WHAT THIS TASK INVOLVES: Line by line, transcribe all of the entries exactly.

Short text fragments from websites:
..........
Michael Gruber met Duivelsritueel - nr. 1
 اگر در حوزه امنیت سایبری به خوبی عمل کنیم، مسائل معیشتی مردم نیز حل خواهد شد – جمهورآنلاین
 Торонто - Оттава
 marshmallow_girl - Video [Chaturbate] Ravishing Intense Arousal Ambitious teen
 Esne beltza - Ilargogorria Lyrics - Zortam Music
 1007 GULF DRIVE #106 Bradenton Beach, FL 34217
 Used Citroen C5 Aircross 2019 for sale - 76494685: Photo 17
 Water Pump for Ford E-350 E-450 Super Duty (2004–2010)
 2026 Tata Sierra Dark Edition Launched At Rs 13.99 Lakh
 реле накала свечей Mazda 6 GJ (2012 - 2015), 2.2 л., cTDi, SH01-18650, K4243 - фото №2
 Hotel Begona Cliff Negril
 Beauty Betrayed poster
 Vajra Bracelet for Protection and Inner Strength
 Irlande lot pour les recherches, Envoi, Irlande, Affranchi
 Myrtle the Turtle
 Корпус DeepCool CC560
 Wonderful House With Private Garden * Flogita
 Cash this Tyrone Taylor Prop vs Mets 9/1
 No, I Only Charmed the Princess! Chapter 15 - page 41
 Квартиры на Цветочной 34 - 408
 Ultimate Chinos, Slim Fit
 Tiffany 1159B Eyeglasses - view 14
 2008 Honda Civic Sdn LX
..........
WRITTEN RESPONSE:
Michael Gruber met Duivelsritueel - nr. 1
 اگر در حوزه امنیت سایبری به خوبی عمل کنیم، مسائل معیشتی مردم نیز حل خواهد شد – جمهورآنلاین
 Торонто - Оттава
 marshmallow_girl - Video [Chaturbate] Ravishing Intense Arousal Ambitious teen
 Esne beltza - Ilargogorria Lyrics - Zortam Music
 1007 GULF DRIVE #106 Bradenton Beach, FL 34217
 Used Citroen C5 Aircross 2019 for sale - 76494685: Photo 17
 Water Pump for Ford E-350 E-450 Super Duty (2004–2010)
 2026 Tata Sierra Dark Edition Launched At Rs 13.99 Lakh
 реле накала свечей Mazda 6 GJ (2012 - 2015), 2.2 л., cTDi, SH01-18650, K4243 - фото №2
 Hotel Begona Cliff Negril
 Beauty Betrayed poster
 Vajra Bracelet for Protection and Inner Strength
 Irlande lot pour les recherches, Envoi, Irlande, Affranchi
 Myrtle the Turtle
 Корпус DeepCool CC560
 Wonderful House With Private Garden * Flogita
 Cash this Tyrone Taylor Prop vs Mets 9/1
 No, I Only Charmed the Princess! Chapter 15 - page 41
 Квартиры на Цветочной 34 - 408
 Ultimate Chinos, Slim Fit
 Tiffany 1159B Eyeglasses - view 14
 2008 Honda Civic Sdn LX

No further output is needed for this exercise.